As a people we profess to be reformers, to be light bearers in the world, to be faithful sentinels for God, guarding every avenue whereby Satan could come in with his temptations to pervert the appetite. Our example and influence must be a power on the side of reform. We must abstain from any practice which will blunt the conscience or encourage temptation. We must open no door that will give Satan access to the mind of one human being formed in the image of God. If all would be vigilant and faithful in guarding the little openings made by the moderate use of the so-called harmless wine and cider, the highway to drunkenness would be closed up. What is needed in every community is firm purpose, and a will to touch not, taste not, handle not; then the temperance reformation will be strong, permanent, and thorough.
The love of money will lead men to violate conscience. Perhaps that very money may be brought to the Lord's treasury, but He will not accept any such offering; it is an offense to Him.

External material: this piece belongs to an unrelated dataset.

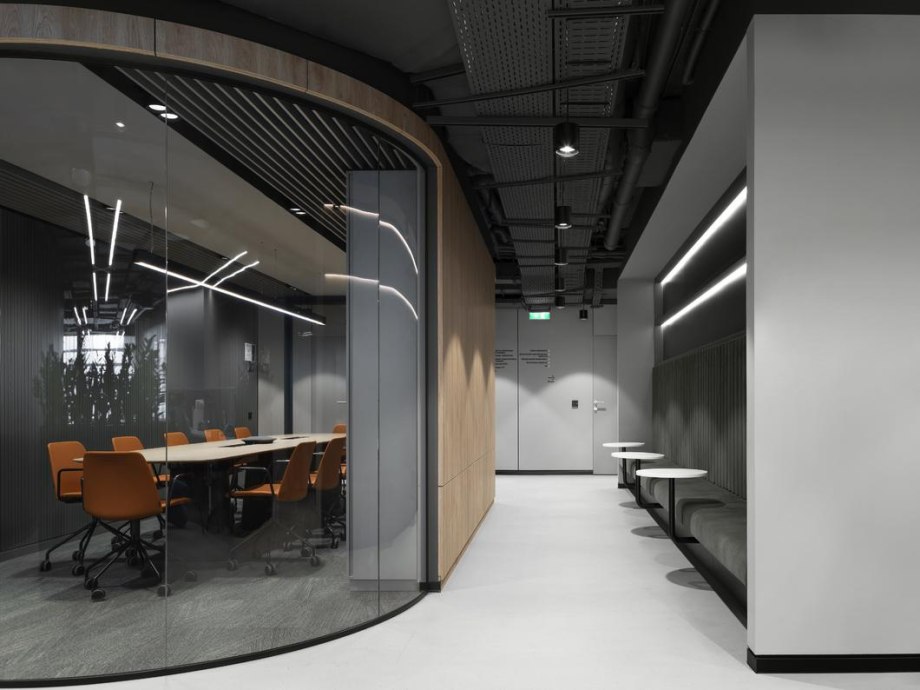 Atrium Office бюро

It was obtained by transgressing His law, which requires that a man love his neighbour as himself. It is no excuse for the transgressor to say that if he had not made wine or cider, somebody else would, and his neighbour might have become a drunkard just the same. Because some will place the bottle to their neighbour's lips, will Christians venture to stain their garments with the blood of souls,--to incur the curse pronounced
upon these who place this temptation in the way of erring men? Jesus calls upon His followers to stand under His banner and aid in destroying the works of the devil.
The world's Redeemer, who knows well the state of society in the last days, represents eating and drinking as the sins that condemn this age. He tells us that as it was in the days of Noah, so shall it be when the Son of man is revealed. "They were eating and drinking, marrying and giving in marriage, until the day that Noah entered into the ark, and knew not until the Flood came, and took them all away." Just such a state of things will exist in the last days, and those who believe these warnings will use the utmost caution not to take a course that will bring them under condemnation.
Brethren, let us look at this matter in the light of the Scriptures and exert a decided influence on the side of temperance in all things. Apples and grapes are God's gifts; they may be put to excellent use as healthful articles of food, or they may be abused by being put to a wrong use. Already God is blighting the grapevine and the apple crop because of men's sinful practices. We stand before the world as reformers; let us give no occasion for infidels or unbelievers to reproach our faith. Said Christ: "Ye are the salt of the earth," "the light of the world." Let us show that our hearts and consciences are under the transforming influence of divine grace, and that our lives are governed by the pure principles of the law of God, even though these principles may require the sacrifice of temporal interests.